%%
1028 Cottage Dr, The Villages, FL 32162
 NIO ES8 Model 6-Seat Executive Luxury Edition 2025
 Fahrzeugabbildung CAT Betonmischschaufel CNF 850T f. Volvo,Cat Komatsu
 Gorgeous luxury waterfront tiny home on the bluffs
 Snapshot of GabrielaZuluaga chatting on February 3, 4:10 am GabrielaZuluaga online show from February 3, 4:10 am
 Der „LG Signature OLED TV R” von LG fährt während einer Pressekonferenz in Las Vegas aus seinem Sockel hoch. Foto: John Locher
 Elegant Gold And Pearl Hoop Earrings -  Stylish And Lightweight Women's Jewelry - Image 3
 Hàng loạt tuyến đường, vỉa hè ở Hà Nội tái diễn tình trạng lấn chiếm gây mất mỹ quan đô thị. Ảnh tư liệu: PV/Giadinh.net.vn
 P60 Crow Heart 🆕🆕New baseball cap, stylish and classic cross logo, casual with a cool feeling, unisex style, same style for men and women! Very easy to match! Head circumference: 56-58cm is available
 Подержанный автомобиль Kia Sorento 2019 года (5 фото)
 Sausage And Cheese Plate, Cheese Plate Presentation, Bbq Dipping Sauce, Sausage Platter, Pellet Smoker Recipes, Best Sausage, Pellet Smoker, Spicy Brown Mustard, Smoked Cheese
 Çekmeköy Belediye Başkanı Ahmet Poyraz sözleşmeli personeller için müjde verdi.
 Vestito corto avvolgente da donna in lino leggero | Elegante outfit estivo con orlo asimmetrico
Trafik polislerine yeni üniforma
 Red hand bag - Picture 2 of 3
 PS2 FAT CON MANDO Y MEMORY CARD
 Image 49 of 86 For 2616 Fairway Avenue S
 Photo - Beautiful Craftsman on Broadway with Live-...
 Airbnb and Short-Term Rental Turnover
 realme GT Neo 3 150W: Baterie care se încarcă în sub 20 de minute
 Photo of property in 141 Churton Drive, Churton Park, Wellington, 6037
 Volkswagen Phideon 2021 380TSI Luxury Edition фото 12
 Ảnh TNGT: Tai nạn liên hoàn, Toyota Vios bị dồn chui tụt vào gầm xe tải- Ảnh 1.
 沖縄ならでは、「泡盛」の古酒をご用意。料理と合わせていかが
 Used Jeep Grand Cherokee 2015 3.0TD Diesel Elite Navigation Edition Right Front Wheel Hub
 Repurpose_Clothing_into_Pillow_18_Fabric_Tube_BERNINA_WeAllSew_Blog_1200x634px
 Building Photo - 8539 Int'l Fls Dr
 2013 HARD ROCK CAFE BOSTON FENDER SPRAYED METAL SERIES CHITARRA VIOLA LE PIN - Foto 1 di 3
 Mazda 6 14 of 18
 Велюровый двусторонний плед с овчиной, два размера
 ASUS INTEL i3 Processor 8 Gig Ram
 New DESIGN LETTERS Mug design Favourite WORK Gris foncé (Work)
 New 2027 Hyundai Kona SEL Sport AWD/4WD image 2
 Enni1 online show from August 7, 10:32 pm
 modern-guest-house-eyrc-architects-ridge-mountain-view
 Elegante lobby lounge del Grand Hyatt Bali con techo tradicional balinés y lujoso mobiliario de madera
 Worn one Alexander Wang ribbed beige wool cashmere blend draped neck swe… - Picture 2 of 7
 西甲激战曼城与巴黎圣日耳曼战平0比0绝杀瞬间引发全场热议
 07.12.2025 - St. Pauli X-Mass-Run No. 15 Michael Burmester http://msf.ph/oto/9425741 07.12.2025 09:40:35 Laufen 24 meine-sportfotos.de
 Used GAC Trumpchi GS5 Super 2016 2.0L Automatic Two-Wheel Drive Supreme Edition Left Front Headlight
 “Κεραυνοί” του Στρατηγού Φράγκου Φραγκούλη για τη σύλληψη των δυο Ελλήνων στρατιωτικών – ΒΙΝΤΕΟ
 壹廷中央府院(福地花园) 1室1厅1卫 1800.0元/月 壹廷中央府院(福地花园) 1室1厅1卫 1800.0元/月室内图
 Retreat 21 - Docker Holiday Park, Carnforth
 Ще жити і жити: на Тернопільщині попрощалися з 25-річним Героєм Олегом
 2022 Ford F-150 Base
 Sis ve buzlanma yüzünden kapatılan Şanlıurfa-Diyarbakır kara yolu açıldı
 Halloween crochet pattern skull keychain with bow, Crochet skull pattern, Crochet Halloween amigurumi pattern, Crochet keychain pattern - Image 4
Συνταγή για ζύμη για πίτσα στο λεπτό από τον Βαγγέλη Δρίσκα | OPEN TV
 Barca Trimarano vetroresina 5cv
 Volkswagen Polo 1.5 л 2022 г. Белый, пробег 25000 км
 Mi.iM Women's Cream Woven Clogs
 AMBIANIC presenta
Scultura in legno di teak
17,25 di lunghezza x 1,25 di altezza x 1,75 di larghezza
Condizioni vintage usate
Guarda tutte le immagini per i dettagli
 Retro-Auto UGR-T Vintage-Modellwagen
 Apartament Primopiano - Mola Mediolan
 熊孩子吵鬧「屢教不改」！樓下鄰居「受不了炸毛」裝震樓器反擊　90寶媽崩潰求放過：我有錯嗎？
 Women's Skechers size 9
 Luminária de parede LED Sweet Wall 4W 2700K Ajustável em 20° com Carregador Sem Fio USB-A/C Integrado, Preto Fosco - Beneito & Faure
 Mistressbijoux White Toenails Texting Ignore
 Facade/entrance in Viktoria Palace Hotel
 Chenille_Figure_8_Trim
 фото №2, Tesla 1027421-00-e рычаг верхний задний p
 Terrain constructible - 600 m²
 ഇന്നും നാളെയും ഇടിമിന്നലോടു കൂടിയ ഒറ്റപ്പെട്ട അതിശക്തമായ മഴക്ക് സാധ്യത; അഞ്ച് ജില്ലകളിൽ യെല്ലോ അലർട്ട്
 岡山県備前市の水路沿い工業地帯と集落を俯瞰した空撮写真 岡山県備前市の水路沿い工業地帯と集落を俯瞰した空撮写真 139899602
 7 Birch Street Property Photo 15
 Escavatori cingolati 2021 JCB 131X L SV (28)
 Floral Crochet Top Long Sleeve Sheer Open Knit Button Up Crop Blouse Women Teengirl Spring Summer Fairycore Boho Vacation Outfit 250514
%%
> **EXERCISE DESCRIPTION**
Each line from the one containing "στρατιωτικών – ΒΙΝΤΕΟ" to the end of the entries above should be copied exactly, and no other line.

> **FINAL ANSWER**
 “Κεραυνοί” του Στρατηγού Φράγκου Φραγκούλη για τη σύλληψη των δυο Ελλήνων στρατιωτικών – ΒΙΝΤΕΟ
 壹廷中央府院(福地花园) 1室1厅1卫 1800.0元/月 壹廷中央府院(福地花园) 1室1厅1卫 1800.0元/月室内图
 Retreat 21 - Docker Holiday Park, Carnforth
 Ще жити і жити: на Тернопільщині попрощалися з 25-річним Героєм Олегом
 2022 Ford F-150 Base
 Sis ve buzlanma yüzünden kapatılan Şanlıurfa-Diyarbakır kara yolu açıldı
 Halloween crochet pattern skull keychain with bow, Crochet skull pattern, Crochet Halloween amigurumi pattern, Crochet keychain pattern - Image 4
Συνταγή για ζύμη για πίτσα στο λεπτό από τον Βαγγέλη Δρίσκα | OPEN TV
 Barca Trimarano vetroresina 5cv
 Volkswagen Polo 1.5 л 2022 г. Белый, пробег 25000 км
 Mi.iM Women's Cream Woven Clogs
 AMBIANIC presenta
Scultura in legno di teak
17,25 di lunghezza x 1,25 di altezza x 1,75 di larghezza
Condizioni vintage usate
Guarda tutte le immagini per i dettagli
 Retro-Auto UGR-T Vintage-Modellwagen
 Apartament Primopiano - Mola Mediolan
 熊孩子吵鬧「屢教不改」！樓下鄰居「受不了炸毛」裝震樓器反擊　90寶媽崩潰求放過：我有錯嗎？
 Women's Skechers size 9
 Luminária de parede LED Sweet Wall 4W 2700K Ajustável em 20° com Carregador Sem Fio USB-A/C Integrado, Preto Fosco - Beneito & Faure
 Mistressbijoux White Toenails Texting Ignore
 Facade/entrance in Viktoria Palace Hotel
 Chenille_Figure_8_Trim
 фото №2, Tesla 1027421-00-e рычаг верхний задний p
 Terrain constructible - 600 m²
 ഇന്നും നാളെയും ഇടിമിന്നലോടു കൂടിയ ഒറ്റപ്പെട്ട അതിശക്തമായ മഴക്ക് സാധ്യത; അഞ്ച് ജില്ലകളിൽ യെല്ലോ അലർട്ട്
 岡山県備前市の水路沿い工業地帯と集落を俯瞰した空撮写真 岡山県備前市の水路沿い工業地帯と集落を俯瞰した空撮写真 139899602
 7 Birch Street Property Photo 15
 Escavatori cingolati 2021 JCB 131X L SV (28)
 Floral Crochet Top Long Sleeve Sheer Open Knit Button Up Crop Blouse Women Teengirl Spring Summer Fairycore Boho Vacation Outfit 250514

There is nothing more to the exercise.